Close-up image of a 1904 Dallas City Directory.

The influence of Japanese culture can be found in Japanese Gardens throughout Texas. The Sunken Japanese Tea Garden within Brackenridge Park in San Antonio was built in 1919 and designed with the help of Japanese artist Kimi Eizo Jinzu. San Antonio is also home to the Kumamoto En (“en” means garden in Japanese), which was built as a gift to the city of San Antonio from its sister city, Kumamoto, in 1989.

Japanese Tea Gardens, San Antonio, undated. Color slides and transparencies, 2012193_63_02_066. Texas Tourist Development Agency photographs and audiovisual materials. TSLAC.

The Japanese Garden of Peace at The Admiral Nimitz State Historical Park in Fredericksburg was a gift from the people of Japan to the people of America as a symbol of peace and friendship. Files found within the “Admiral Nimitz State Historical Park, 1983-1988” of the Texas Parks and Wildlife Department Parks Division records provide a wealth of knowledge about this garden. The Japanese Garden of Peace was designed by Taketora Saita of Tokyo, Japan. A “Self-Guiding Leaflet” for the Garden includes detailed descriptions of each section of the Garden and their significance. For example, “The Japanese House” within the garden is a replica of the study of Admiral Heihachiro Togo. It was built in Japan before being brought to Texas and reassembled by the same builders. The pool and stream beside the house are also copied from Admiral Togo’s study in Japan. According to the leaflet, the pool is shaped as the Japanese characters meaning “one heart” or “loyalty”” and “the stream of life symbolizes the raindrop which finds its way to the sea.”

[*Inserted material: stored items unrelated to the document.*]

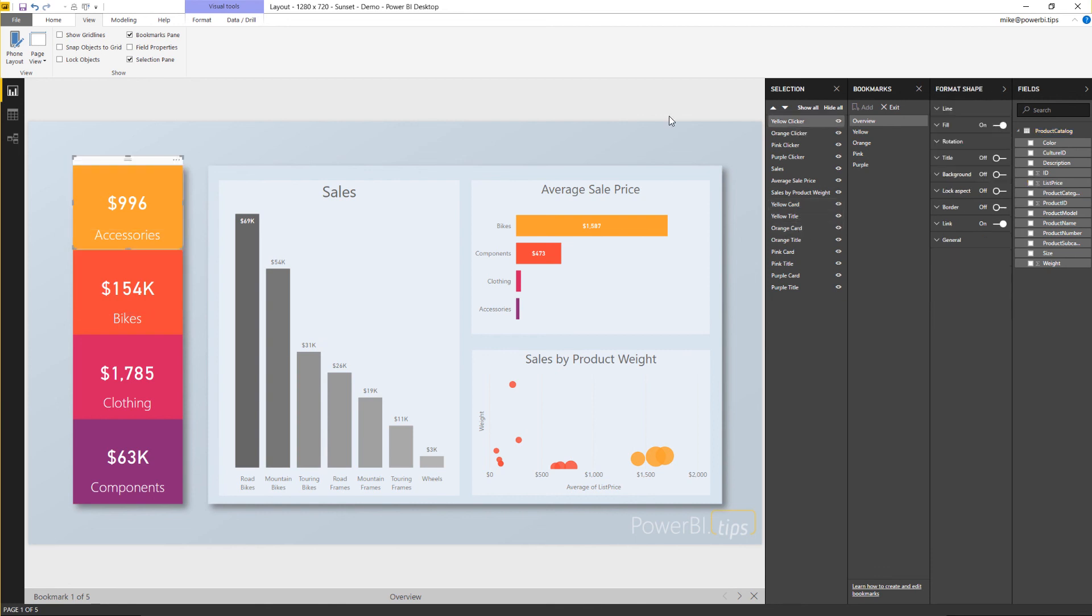Anyways, this is the sunset layout from power bi.tips. I hope you enjoy.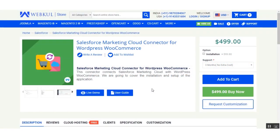Hi everyone, today we are going to learn about the Salesforce Marketing Cloud connector for WordPress WooCommerce. This extension is used to connect the Salesforce Marketing Cloud with WordPress WooCommerce. In this video tutorial we are going to cover the installation and setup of the application. This extension allows you to sync categories, products, customers, and orders from WordPress WooCommerce to the Marketing Cloud.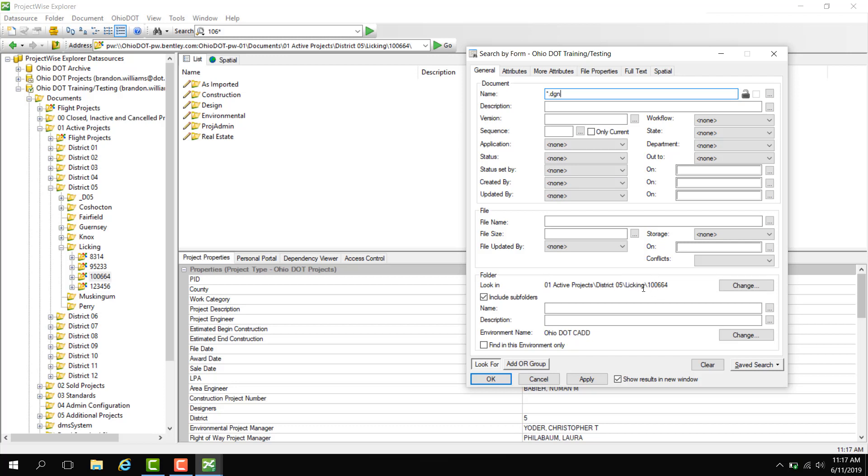Next we also have a show results in new window option. I like to check this on. If this is checked off, your results are actually going to show in the document list here. For example, we'll go ahead and hit OK with a new window open.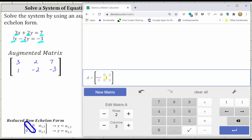And now we enter the elements in the matrix. We enter three, right arrow, two, right arrow, seven, right arrow.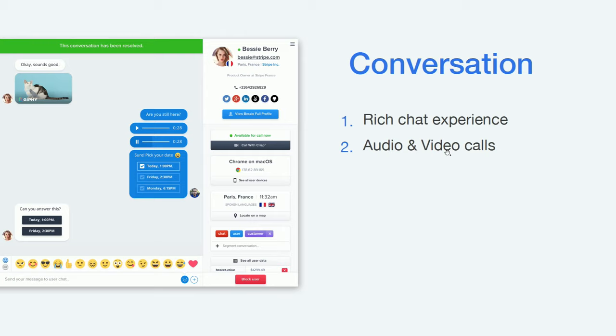You can also enjoy a rich chat experience with audio and video calls, available from CRISP without any additional plugins. It's really interesting because you can combine a video call — which humanizes the customer relationship — with screen sharing via Magic Browse, which helps you understand why a user is stuck and how you can help them. These two features work very efficiently together.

Admiral Nimitz State Park, Fredericksburg, undated. Color slides and transparencies, 2012_29_03_050 Texas Tourist Development Agency photographs and audiovisual materials. TSLAC.

The Taniguchi Oriental Garden within the Zilker Botanical Garden was created by Isamu Taniguchi as a gift to the city of Austin and the University of Texas. While living in California in late 1941 Taniguchi, like so many other Japanese Americans during WWII, was arrested and placed in a Japanese Internment Camp. Later he was reunited with his wife and one of their children at the Crystal City Internment Camp in Texas, where the three of them lived with other imprisoned Japanese Americans until 1945. After the Taniguchi family was released from the camp, Isamu and his wife moved to the Rio Grande Valley and prospered as farmers. After many years, the couple retired to Austin where Taniguchi started creating the garden. He started developing the garden by hand at the age of 77 and completed the beautiful garden in 18 months. The garden opened to visitors in 1969.

Zilker Gardens, Austin, undated. Color slides and transparencies, 2012193_26_04_068. Texas Tourist Development Agency photographs and audiovisual materials. TSLAC.

Other Japanese gardens around the state include the Japanese Garden within the Fort Worth Botanic Garden, the Japanese Garden in Houston’s Hermann Park, and the Meiners Garden in Grand Prairie.

Japanese Gardens, Fort Worth,1975. Color slides and transparencies, 1991077_0706_001. Texas Tourist Development Agency photographs and audiovisual materials. TSLAC.
Japanese Gardens, Fort Worth, Texas, 1975. Color slides and transparencies,1991077_0706_002. Texas Tourist Development Agency photographs and audiovisual materials. TSLAC.